**PROBLEM:** Reproduce, character for character, the lines below from the first through the one with "OZGUR-OZEL-NEHIR-ZEYREKI-YINE-YALNIZ-B_777977_229953". Leave pictures out.

■ ■ ■

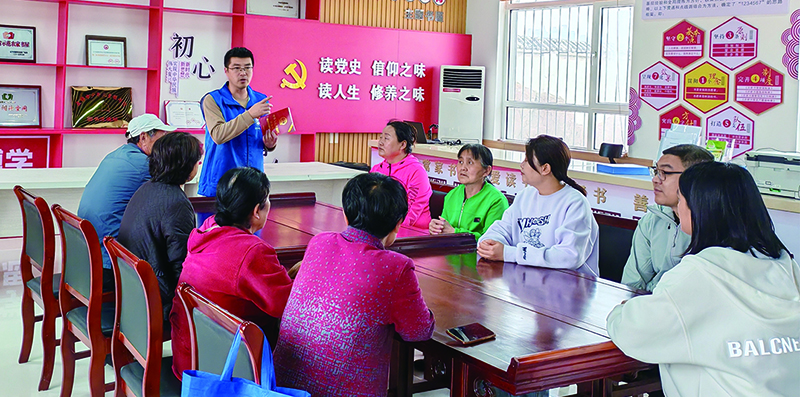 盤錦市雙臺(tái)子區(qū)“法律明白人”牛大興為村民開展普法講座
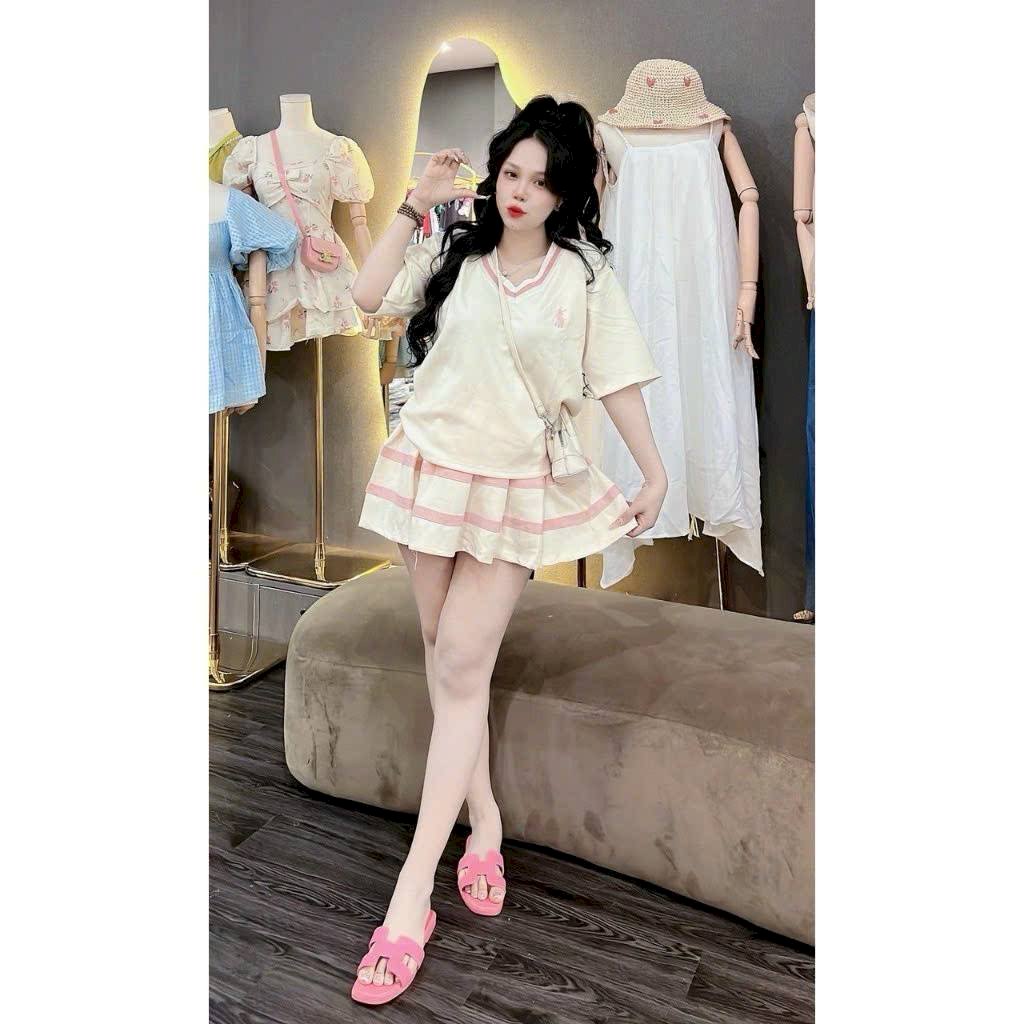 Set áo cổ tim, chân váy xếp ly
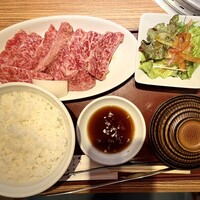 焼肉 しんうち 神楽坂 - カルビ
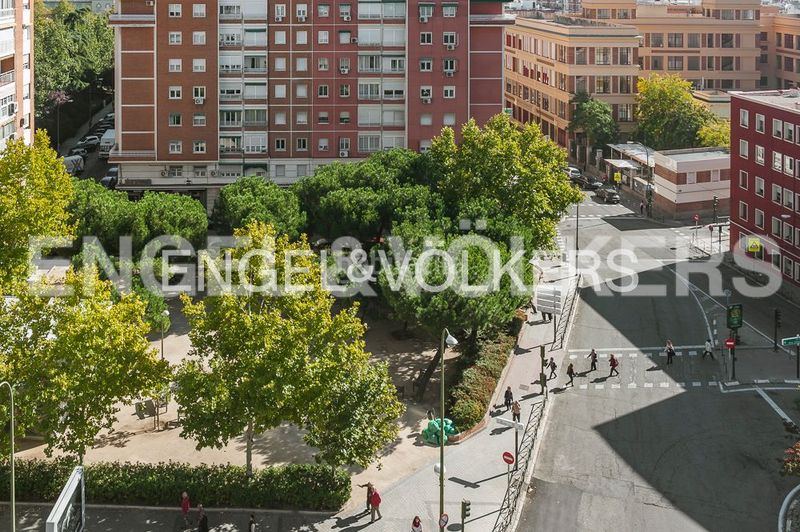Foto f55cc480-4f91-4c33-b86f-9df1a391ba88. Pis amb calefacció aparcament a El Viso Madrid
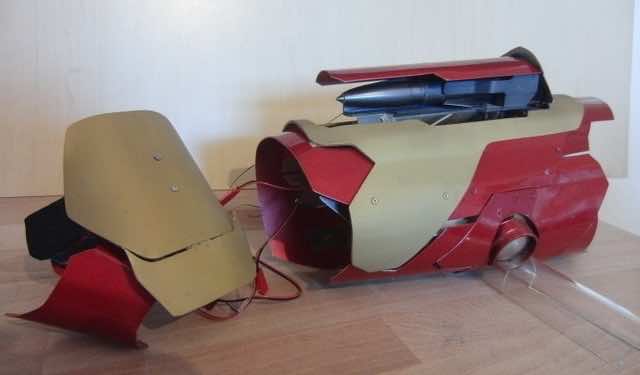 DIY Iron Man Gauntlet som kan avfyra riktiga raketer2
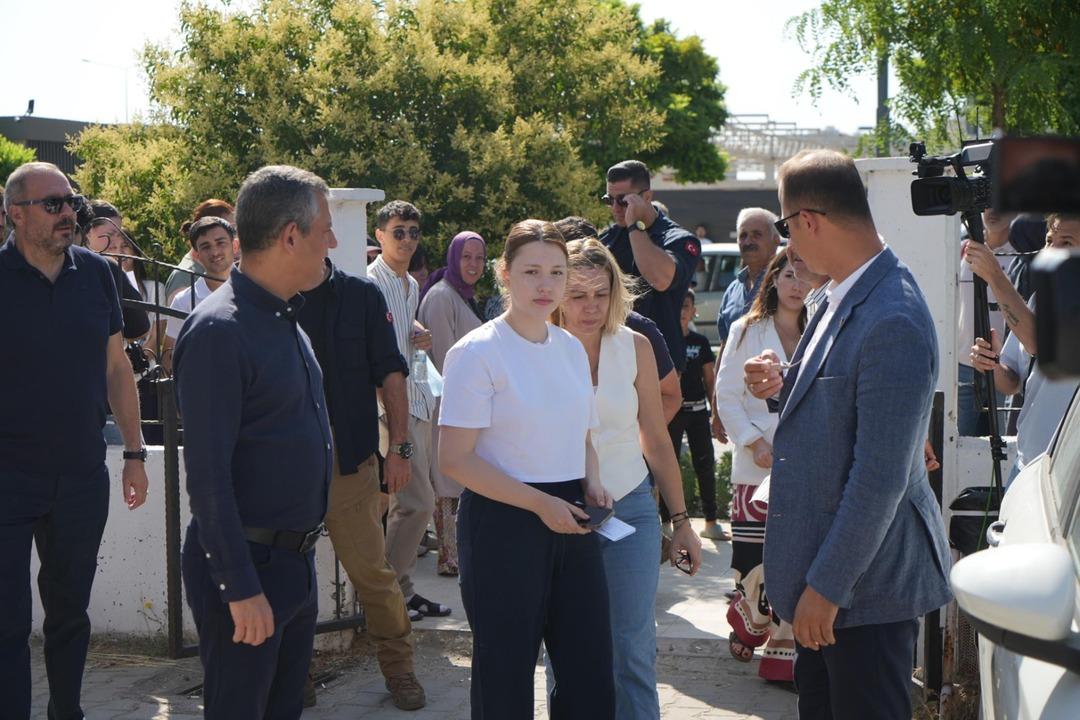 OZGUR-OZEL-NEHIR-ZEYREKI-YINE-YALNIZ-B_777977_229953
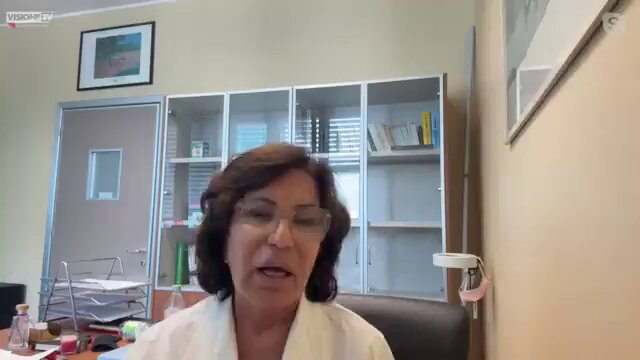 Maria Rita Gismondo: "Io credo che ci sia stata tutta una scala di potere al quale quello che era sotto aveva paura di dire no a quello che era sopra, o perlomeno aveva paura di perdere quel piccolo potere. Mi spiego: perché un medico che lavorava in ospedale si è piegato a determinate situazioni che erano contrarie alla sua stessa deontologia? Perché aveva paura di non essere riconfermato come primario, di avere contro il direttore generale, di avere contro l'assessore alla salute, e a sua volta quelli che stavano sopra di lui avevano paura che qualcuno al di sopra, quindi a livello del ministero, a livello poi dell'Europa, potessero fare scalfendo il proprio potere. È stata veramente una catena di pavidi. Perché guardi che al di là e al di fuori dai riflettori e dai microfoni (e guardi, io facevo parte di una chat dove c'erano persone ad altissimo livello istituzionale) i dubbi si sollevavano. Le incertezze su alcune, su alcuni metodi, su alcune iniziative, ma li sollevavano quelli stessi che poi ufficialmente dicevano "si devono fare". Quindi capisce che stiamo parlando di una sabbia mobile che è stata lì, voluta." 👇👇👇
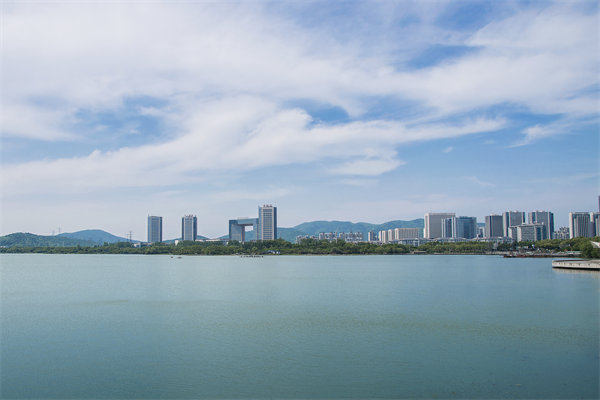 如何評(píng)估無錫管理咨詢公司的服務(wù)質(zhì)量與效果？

■ ■ ■

**RESULT FOR THIS TASK:**
 盤錦市雙臺(tái)子區(qū)“法律明白人”牛大興為村民開展普法講座
 Set áo cổ tim, chân váy xếp ly
 焼肉 しんうち 神楽坂 - カルビ
Foto f55cc480-4f91-4c33-b86f-9df1a391ba88. Pis amb calefacció aparcament a El Viso Madrid
 DIY Iron Man Gauntlet som kan avfyra riktiga raketer2
 OZGUR-OZEL-NEHIR-ZEYREKI-YINE-YALNIZ-B_777977_229953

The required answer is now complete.